- **Action item**:
Write the records out again, unchanged.

Items listed in a dataset:
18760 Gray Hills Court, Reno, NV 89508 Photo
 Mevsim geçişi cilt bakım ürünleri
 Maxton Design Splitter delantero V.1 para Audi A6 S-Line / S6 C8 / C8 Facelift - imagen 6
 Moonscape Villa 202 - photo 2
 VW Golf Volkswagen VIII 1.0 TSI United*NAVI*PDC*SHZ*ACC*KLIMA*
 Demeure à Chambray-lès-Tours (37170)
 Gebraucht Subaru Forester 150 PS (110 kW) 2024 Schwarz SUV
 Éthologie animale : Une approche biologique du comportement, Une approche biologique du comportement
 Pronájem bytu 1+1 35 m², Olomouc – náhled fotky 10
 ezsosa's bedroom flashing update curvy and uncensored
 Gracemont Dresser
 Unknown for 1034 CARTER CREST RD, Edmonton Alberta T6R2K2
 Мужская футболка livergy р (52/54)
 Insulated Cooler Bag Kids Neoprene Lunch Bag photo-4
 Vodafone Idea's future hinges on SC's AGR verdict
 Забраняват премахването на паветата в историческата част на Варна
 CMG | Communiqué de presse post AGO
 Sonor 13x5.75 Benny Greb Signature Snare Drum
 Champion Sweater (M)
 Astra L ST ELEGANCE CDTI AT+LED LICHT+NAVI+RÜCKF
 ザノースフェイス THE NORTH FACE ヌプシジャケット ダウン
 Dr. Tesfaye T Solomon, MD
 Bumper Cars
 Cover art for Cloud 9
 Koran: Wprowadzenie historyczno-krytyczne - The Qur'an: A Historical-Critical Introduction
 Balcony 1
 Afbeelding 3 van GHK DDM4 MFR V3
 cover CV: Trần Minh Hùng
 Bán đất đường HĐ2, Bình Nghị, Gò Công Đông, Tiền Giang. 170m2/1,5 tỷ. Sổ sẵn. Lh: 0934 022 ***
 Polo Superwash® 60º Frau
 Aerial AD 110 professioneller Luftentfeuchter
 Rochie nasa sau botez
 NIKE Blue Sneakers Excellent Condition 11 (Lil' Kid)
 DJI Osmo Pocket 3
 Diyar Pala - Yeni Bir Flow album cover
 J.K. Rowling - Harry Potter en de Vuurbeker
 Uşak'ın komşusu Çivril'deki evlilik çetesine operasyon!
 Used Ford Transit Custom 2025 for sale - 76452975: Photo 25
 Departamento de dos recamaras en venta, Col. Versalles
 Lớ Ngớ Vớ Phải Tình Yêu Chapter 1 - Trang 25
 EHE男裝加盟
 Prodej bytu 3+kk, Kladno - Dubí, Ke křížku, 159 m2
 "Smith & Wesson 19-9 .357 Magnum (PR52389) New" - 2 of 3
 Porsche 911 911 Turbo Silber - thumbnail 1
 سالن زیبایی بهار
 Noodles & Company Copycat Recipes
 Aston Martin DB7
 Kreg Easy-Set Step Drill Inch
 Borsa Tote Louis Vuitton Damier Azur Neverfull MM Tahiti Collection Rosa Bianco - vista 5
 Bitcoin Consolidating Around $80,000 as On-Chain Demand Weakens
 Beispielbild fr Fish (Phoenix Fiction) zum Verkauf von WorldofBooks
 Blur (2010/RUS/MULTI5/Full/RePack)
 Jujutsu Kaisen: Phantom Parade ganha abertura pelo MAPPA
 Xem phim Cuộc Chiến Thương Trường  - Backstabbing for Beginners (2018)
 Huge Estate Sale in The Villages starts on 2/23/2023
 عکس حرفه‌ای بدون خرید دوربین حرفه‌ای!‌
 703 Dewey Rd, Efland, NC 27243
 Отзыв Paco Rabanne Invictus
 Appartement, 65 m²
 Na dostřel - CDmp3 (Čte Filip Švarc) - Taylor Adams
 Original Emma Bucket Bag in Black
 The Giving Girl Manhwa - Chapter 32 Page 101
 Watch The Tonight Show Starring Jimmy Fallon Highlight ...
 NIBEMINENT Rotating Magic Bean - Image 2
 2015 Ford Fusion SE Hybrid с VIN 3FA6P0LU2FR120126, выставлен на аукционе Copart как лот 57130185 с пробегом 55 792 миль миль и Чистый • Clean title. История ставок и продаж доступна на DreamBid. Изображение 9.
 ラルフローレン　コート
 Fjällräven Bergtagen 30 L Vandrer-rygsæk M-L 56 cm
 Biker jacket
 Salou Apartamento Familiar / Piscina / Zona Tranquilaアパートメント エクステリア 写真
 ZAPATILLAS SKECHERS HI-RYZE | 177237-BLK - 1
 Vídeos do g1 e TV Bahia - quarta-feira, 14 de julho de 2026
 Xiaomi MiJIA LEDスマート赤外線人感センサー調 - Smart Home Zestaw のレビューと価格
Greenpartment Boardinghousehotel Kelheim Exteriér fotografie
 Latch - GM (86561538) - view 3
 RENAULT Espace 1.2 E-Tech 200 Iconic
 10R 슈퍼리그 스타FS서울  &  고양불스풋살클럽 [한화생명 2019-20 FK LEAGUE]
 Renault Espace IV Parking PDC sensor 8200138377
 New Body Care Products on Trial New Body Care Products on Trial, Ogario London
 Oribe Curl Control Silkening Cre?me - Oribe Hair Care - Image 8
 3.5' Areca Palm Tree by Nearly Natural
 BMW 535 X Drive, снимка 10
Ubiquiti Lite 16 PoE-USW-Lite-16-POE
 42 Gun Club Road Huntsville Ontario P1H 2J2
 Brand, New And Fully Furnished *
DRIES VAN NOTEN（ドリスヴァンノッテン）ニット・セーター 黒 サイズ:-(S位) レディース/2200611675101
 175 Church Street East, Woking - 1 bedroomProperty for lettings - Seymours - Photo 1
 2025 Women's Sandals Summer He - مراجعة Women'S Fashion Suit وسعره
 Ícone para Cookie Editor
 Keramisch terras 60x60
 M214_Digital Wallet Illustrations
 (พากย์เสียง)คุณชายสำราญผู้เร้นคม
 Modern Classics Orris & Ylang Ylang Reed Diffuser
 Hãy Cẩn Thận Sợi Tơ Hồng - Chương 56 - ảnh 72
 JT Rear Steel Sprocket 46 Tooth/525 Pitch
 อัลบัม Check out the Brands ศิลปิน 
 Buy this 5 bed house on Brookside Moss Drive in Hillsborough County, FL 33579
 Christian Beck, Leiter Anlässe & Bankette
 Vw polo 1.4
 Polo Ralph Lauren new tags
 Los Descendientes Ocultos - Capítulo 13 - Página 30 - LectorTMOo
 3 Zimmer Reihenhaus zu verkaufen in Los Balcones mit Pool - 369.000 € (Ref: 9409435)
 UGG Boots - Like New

- **Exercise response**:
18760 Gray Hills Court, Reno, NV 89508 Photo
 Mevsim geçişi cilt bakım ürünleri
 Maxton Design Splitter delantero V.1 para Audi A6 S-Line / S6 C8 / C8 Facelift - imagen 6
 Moonscape Villa 202 - photo 2
 VW Golf Volkswagen VIII 1.0 TSI United*NAVI*PDC*SHZ*ACC*KLIMA*
 Demeure à Chambray-lès-Tours (37170)
 Gebraucht Subaru Forester 150 PS (110 kW) 2024 Schwarz SUV
 Éthologie animale : Une approche biologique du comportement, Une approche biologique du comportement
 Pronájem bytu 1+1 35 m², Olomouc – náhled fotky 10
 ezsosa's bedroom flashing update curvy and uncensored
 Gracemont Dresser
 Unknown for 1034 CARTER CREST RD, Edmonton Alberta T6R2K2
 Мужская футболка livergy р (52/54)
 Insulated Cooler Bag Kids Neoprene Lunch Bag photo-4
 Vodafone Idea's future hinges on SC's AGR verdict
 Забраняват премахването на паветата в историческата част на Варна
 CMG | Communiqué de presse post AGO
 Sonor 13x5.75 Benny Greb Signature Snare Drum
 Champion Sweater (M)
 Astra L ST ELEGANCE CDTI AT+LED LICHT+NAVI+RÜCKF
 ザノースフェイス THE NORTH FACE ヌプシジャケット ダウン
 Dr. Tesfaye T Solomon, MD
 Bumper Cars
 Cover art for Cloud 9
 Koran: Wprowadzenie historyczno-krytyczne - The Qur'an: A Historical-Critical Introduction
 Balcony 1
 Afbeelding 3 van GHK DDM4 MFR V3
 cover CV: Trần Minh Hùng
 Bán đất đường HĐ2, Bình Nghị, Gò Công Đông, Tiền Giang. 170m2/1,5 tỷ. Sổ sẵn. Lh: 0934 022 ***
 Polo Superwash® 60º Frau
 Aerial AD 110 professioneller Luftentfeuchter
 Rochie nasa sau botez
 NIKE Blue Sneakers Excellent Condition 11 (Lil' Kid)
 DJI Osmo Pocket 3
 Diyar Pala - Yeni Bir Flow album cover
 J.K. Rowling - Harry Potter en de Vuurbeker
 Uşak'ın komşusu Çivril'deki evlilik çetesine operasyon!
 Used Ford Transit Custom 2025 for sale - 76452975: Photo 25
 Departamento de dos recamaras en venta, Col. Versalles
 Lớ Ngớ Vớ Phải Tình Yêu Chapter 1 - Trang 25
 EHE男裝加盟
 Prodej bytu 3+kk, Kladno - Dubí, Ke křížku, 159 m2
 "Smith & Wesson 19-9 .357 Magnum (PR52389) New" - 2 of 3
 Porsche 911 911 Turbo Silber - thumbnail 1
 سالن زیبایی بهار
 Noodles & Company Copycat Recipes
 Aston Martin DB7
 Kreg Easy-Set Step Drill Inch
 Borsa Tote Louis Vuitton Damier Azur Neverfull MM Tahiti Collection Rosa Bianco - vista 5
 Bitcoin Consolidating Around $80,000 as On-Chain Demand Weakens
 Beispielbild fr Fish (Phoenix Fiction) zum Verkauf von WorldofBooks
 Blur (2010/RUS/MULTI5/Full/RePack)
 Jujutsu Kaisen: Phantom Parade ganha abertura pelo MAPPA
 Xem phim Cuộc Chiến Thương Trường  - Backstabbing for Beginners (2018)
 Huge Estate Sale in The Villages starts on 2/23/2023
 عکس حرفه‌ای بدون خرید دوربین حرفه‌ای!‌
 703 Dewey Rd, Efland, NC 27243
 Отзыв Paco Rabanne Invictus
 Appartement, 65 m²
 Na dostřel - CDmp3 (Čte Filip Švarc) - Taylor Adams
 Original Emma Bucket Bag in Black
 The Giving Girl Manhwa - Chapter 32 Page 101
 Watch The Tonight Show Starring Jimmy Fallon Highlight ...
 NIBEMINENT Rotating Magic Bean - Image 2
 2015 Ford Fusion SE Hybrid с VIN 3FA6P0LU2FR120126, выставлен на аукционе Copart как лот 57130185 с пробегом 55 792 миль миль и Чистый • Clean title. История ставок и продаж доступна на DreamBid. Изображение 9.
 ラルフローレン　コート
 Fjällräven Bergtagen 30 L Vandrer-rygsæk M-L 56 cm
 Biker jacket
 Salou Apartamento Familiar / Piscina / Zona Tranquilaアパートメント エクステリア 写真
 ZAPATILLAS SKECHERS HI-RYZE | 177237-BLK - 1
 Vídeos do g1 e TV Bahia - quarta-feira, 14 de julho de 2026
 Xiaomi MiJIA LEDスマート赤外線人感センサー調 - Smart Home Zestaw のレビューと価格
Greenpartment Boardinghousehotel Kelheim Exteriér fotografie
 Latch - GM (86561538) - view 3
 RENAULT Espace 1.2 E-Tech 200 Iconic
 10R 슈퍼리그 스타FS서울  &  고양불스풋살클럽 [한화생명 2019-20 FK LEAGUE]
 Renault Espace IV Parking PDC sensor 8200138377
 New Body Care Products on Trial New Body Care Products on Trial, Ogario London
 Oribe Curl Control Silkening Cre?me - Oribe Hair Care - Image 8
 3.5' Areca Palm Tree by Nearly Natural
 BMW 535 X Drive, снимка 10
Ubiquiti Lite 16 PoE-USW-Lite-16-POE
 42 Gun Club Road Huntsville Ontario P1H 2J2
 Brand, New And Fully Furnished *
DRIES VAN NOTEN（ドリスヴァンノッテン）ニット・セーター 黒 サイズ:-(S位) レディース/2200611675101
 175 Church Street East, Woking - 1 bedroomProperty for lettings - Seymours - Photo 1
 2025 Women's Sandals Summer He - مراجعة Women'S Fashion Suit وسعره
 Ícone para Cookie Editor
 Keramisch terras 60x60
 M214_Digital Wallet Illustrations
 (พากย์เสียง)คุณชายสำราญผู้เร้นคม
 Modern Classics Orris & Ylang Ylang Reed Diffuser
 Hãy Cẩn Thận Sợi Tơ Hồng - Chương 56 - ảnh 72
 JT Rear Steel Sprocket 46 Tooth/525 Pitch
 อัลบัม Check out the Brands ศิลปิน 
 Buy this 5 bed house on Brookside Moss Drive in Hillsborough County, FL 33579
 Christian Beck, Leiter Anlässe & Bankette
 Vw polo 1.4
 Polo Ralph Lauren new tags
 Los Descendientes Ocultos - Capítulo 13 - Página 30 - LectorTMOo
 3 Zimmer Reihenhaus zu verkaufen in Los Balcones mit Pool - 369.000 € (Ref: 9409435)
 UGG Boots - Like New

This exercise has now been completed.